The Chinese mutual fund industry is undergoing a significant upheaval, evidenced by the highest number of fund closures in the past five years. This trend, mirroring the downturn in the nation’s stock market, signals a severe decline in investor confidence. Data compiled by Bloomberg since 2014 reveals that around 240 local mutual funds were liquidated last year, a peak not seen since 2018’s regulatory reforms in asset management. Notably, 80% of these liquidated funds were heavily invested in stocks, marking a record in this domain.
The concerning trend of mutual fund closures in China has persisted into the current year, with 14 more funds already liquidated and an additional 24 on the brink, as per Bloomberg’s analysis of official data. This downturn coincides with a significant drop in new mutual fund subscriptions, reaching a decade-low. The increasing rate of fund liquidations exacerbates the decline of the world’s second-largest stock market, creating a negative feedback loop as retail investors shift their preference from mutual funds to the perceived safety of cash holdings.
The Chinese mutual fund industry is facing unprecedented challenges due to the ongoing stock market crisis. Li Yiming, a senior analyst at Morningstar Inc., highlights that poor performance is a key factor driving the shrinkage and liquidation of mutual funds. The situation is worsened by the fact that China now holds the unenviable title of the world’s worst-performing major market this year. The CSI 300 Index, a critical benchmark, continues its downward trajectory, marked by its ninth decline in ten weeks despite state intervention in the market.

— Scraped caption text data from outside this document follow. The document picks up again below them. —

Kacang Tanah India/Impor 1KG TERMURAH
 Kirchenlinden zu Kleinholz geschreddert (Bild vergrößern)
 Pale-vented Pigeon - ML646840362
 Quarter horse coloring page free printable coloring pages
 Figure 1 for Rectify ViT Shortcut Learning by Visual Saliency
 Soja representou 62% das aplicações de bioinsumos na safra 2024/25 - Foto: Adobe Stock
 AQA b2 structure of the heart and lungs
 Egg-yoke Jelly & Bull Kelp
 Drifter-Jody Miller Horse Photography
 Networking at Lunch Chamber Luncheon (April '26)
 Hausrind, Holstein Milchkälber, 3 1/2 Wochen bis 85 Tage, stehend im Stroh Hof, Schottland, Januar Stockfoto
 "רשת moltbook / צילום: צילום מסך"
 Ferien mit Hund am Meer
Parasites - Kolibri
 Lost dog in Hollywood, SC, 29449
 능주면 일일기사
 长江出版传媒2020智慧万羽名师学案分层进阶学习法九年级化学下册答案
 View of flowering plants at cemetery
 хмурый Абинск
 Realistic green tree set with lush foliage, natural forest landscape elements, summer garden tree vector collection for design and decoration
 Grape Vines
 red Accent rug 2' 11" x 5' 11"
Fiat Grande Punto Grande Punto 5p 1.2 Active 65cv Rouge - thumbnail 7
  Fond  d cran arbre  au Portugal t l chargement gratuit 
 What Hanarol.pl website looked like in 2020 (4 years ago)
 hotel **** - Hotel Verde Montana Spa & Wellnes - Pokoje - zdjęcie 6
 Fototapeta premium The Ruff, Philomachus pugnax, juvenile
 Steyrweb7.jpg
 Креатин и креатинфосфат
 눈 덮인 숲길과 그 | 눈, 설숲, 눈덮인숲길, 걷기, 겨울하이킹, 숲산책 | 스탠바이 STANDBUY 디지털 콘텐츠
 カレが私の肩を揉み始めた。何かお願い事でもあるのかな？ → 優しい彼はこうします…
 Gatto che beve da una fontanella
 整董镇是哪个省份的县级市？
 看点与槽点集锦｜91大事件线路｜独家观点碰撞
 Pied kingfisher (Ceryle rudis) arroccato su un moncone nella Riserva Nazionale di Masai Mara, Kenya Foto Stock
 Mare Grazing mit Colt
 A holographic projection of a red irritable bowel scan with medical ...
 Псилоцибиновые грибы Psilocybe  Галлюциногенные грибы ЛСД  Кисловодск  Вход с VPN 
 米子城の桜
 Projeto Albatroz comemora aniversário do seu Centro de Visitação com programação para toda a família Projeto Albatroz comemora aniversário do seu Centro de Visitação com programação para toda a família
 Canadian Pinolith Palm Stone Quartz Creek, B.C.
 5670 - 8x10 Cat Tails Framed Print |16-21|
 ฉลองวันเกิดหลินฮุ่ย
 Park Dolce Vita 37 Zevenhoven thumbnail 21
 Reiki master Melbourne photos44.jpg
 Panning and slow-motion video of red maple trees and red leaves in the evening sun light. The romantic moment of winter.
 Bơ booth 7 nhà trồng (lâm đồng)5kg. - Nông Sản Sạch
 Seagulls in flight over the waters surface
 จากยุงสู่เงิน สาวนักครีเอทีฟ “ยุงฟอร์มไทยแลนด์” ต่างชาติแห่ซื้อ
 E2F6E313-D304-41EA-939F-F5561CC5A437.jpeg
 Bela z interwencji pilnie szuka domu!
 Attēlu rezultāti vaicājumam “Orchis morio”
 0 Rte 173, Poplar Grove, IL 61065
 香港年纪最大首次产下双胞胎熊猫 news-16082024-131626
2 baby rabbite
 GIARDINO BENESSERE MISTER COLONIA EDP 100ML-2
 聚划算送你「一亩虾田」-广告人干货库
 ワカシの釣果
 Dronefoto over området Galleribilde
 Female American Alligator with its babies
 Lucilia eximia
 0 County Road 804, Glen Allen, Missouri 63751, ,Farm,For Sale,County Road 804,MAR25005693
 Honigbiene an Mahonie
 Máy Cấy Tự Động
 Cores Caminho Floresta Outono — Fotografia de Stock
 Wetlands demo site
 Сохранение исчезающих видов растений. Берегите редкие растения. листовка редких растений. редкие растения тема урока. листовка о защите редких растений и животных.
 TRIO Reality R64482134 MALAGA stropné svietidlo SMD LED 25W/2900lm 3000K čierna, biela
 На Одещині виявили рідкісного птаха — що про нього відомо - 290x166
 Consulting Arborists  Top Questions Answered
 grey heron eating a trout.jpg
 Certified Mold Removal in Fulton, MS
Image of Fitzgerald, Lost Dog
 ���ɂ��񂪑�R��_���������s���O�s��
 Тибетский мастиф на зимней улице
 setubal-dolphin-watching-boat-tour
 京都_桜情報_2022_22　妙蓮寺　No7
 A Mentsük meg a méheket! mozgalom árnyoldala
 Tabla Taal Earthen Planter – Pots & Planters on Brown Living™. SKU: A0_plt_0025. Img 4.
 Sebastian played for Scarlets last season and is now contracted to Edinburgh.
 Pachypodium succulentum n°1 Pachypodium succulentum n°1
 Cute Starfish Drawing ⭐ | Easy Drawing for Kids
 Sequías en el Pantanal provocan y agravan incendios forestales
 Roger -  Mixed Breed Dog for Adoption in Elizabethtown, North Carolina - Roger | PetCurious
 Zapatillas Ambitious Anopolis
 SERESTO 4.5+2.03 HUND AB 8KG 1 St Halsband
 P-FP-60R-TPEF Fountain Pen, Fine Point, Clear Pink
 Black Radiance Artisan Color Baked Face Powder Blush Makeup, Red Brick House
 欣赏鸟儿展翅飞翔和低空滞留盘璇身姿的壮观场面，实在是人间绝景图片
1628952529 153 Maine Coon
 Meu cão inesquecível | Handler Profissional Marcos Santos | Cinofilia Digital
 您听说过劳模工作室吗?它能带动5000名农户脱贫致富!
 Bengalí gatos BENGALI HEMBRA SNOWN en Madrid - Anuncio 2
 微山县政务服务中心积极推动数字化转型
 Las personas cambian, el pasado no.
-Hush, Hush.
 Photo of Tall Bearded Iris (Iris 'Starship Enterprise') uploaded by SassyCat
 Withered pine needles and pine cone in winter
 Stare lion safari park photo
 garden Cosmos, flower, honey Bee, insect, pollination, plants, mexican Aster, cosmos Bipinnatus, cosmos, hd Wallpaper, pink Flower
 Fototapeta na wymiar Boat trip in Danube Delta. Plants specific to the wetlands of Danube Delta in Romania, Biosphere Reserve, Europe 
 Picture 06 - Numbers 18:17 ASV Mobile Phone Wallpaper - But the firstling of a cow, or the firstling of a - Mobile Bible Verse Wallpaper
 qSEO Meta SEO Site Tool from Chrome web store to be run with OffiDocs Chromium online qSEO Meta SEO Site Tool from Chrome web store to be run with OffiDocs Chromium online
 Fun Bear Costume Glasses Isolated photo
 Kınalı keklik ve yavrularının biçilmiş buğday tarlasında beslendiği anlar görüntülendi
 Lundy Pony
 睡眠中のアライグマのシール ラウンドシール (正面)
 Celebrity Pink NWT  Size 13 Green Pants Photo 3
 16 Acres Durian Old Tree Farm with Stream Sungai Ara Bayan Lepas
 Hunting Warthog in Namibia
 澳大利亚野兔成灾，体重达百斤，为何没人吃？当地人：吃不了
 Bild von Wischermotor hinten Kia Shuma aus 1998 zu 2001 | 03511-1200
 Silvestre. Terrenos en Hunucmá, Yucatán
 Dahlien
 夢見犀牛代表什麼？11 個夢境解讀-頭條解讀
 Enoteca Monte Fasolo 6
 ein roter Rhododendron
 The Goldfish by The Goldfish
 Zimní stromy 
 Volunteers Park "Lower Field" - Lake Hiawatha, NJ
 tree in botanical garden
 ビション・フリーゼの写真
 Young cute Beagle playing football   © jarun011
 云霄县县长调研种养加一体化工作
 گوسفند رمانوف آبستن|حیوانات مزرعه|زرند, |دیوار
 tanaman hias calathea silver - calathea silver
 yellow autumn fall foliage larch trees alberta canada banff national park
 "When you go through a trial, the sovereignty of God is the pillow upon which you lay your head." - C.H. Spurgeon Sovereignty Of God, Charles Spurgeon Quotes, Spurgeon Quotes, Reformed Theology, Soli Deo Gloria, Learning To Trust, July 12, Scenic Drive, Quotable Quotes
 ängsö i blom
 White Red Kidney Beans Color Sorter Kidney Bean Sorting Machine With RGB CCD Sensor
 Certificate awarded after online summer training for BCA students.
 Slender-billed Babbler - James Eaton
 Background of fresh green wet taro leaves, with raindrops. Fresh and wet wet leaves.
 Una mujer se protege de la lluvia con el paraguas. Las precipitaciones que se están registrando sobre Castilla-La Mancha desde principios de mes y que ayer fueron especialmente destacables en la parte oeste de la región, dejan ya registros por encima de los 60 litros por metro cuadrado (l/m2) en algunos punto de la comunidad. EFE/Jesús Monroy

China’s securities regulations play a significant role in the ongoing mutual fund crisis. Funds must meet specific investor and capital requirements to launch, and a sustained drop in asset value triggers mandatory regulatory notification and potential liquidation. Many funds opt for liquidation over other complex options like merging, resulting in forced portfolio sell-offs and losses for investors, particularly those who invested in the long-term. The CCB Principal Quantitative Event-driven Equity Fund serves as a stark example, having lost over 90% of its value since its 2017 inception.
The appeal of actively managed mutual funds in China is rapidly diminishing. A China Securities Index Co. measure indicates a 7.7% decline in stock-focused mutual funds this year. Investors are also losing interest in exchange-traded funds (ETFs), which are now facing an oversupply issue. The ICBC Credit Suisse CSI Consumer Top ETF exemplifies the struggle, nearing the threshold for termination due to persistently low net asset values. Nicholas Yeo of abrdn underscores the prevailing market sentiment, noting significant redemptions and investor reluctance to engage in the market due to short-term selling pressures.